Segment K-means	N Obs	Prop Obs	education_level	annual_income	days_since_last_purchase	num_purchases_with_discount	num_web_purchases	num_catalog_purchases	num_store_purchases	monthly_web_visits	age	marital_status_binary	children	accepted_discounts	total_expenditure
balanced multi-channel shoppers	921	0.46	1.17	34290.14	49.36	1.99	2.09	0.55	3.19	6.45	52.23	0.76	1.23	0.18	96.09
wealthy offline shoppers	509	0.25	1.31	75265.68	49.28	1.15	5.02	5.89	8.29	2.84	56.06	0.75	0.18	1.04	1367.14
price-sensitive shoppers	573	0.29	1.38	57561.71	48.09	3.97	6.47	3.03	7.75	5.84	59.05	0.86	1.21	0.33	735.34

Based on the calculated mean values for the clusters, I have already interpreted the data summary and labeled the three segments.
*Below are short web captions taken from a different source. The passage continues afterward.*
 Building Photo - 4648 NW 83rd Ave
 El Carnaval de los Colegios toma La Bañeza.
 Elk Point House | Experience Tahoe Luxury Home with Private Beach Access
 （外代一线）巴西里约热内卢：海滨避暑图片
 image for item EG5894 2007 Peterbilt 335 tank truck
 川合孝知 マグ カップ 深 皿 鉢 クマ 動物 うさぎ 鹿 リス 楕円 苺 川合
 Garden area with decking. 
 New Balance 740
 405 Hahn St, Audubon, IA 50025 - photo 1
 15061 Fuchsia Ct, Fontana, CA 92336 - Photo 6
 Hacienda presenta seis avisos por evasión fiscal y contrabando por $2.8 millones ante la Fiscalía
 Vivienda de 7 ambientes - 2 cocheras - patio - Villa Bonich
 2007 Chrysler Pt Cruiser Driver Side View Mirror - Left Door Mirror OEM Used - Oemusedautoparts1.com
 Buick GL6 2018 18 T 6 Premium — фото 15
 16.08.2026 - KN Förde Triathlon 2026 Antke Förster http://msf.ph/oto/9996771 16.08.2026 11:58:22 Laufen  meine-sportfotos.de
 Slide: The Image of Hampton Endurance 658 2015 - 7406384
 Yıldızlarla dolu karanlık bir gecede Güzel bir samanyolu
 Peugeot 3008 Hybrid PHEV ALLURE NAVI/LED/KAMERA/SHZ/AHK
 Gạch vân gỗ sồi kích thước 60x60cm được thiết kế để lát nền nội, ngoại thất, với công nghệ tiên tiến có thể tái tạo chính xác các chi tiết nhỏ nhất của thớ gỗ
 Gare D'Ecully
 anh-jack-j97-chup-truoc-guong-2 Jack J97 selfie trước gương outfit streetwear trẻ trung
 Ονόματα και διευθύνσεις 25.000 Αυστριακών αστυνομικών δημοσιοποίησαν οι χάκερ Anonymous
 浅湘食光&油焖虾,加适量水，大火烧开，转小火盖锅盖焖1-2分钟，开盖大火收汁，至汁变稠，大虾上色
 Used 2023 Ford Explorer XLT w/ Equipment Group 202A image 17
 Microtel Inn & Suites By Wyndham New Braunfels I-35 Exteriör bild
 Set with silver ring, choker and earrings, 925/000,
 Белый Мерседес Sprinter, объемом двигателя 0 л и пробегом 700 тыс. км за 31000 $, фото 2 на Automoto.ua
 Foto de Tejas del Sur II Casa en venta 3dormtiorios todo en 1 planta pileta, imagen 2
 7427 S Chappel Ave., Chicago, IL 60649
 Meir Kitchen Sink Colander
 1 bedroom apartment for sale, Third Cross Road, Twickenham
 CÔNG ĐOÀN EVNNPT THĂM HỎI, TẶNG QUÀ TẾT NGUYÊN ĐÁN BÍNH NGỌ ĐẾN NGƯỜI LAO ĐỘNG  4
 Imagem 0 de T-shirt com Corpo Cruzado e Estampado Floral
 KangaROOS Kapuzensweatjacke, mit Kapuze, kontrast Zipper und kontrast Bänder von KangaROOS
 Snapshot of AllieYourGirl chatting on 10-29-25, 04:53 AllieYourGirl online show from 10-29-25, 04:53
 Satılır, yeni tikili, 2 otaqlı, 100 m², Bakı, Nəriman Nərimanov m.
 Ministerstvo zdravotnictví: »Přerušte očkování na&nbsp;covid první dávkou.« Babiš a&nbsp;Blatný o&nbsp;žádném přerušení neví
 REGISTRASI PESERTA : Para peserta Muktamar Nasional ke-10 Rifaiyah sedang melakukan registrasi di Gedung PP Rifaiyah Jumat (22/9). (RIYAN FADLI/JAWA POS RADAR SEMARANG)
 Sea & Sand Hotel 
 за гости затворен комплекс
I’ll explain later on why I named them as I did. Next, I want to plot the three segments in a scatter chart, showing the relation between age and income and how the segments are distributed.

Even though there is still space to improve, I can already generate some insights from this plot:

Wealthy Offline Shoppers: They are less numerous but have significant spending power.
Price-Sensitive Shoppers: They are older on average, possibly indicating retirees or those nearing retirement who are conscious of how they spend their retirement savings.
Balanced Multi-Channel Shoppers: While younger, they might represent an emerging market with potential growth in income and spending as they age.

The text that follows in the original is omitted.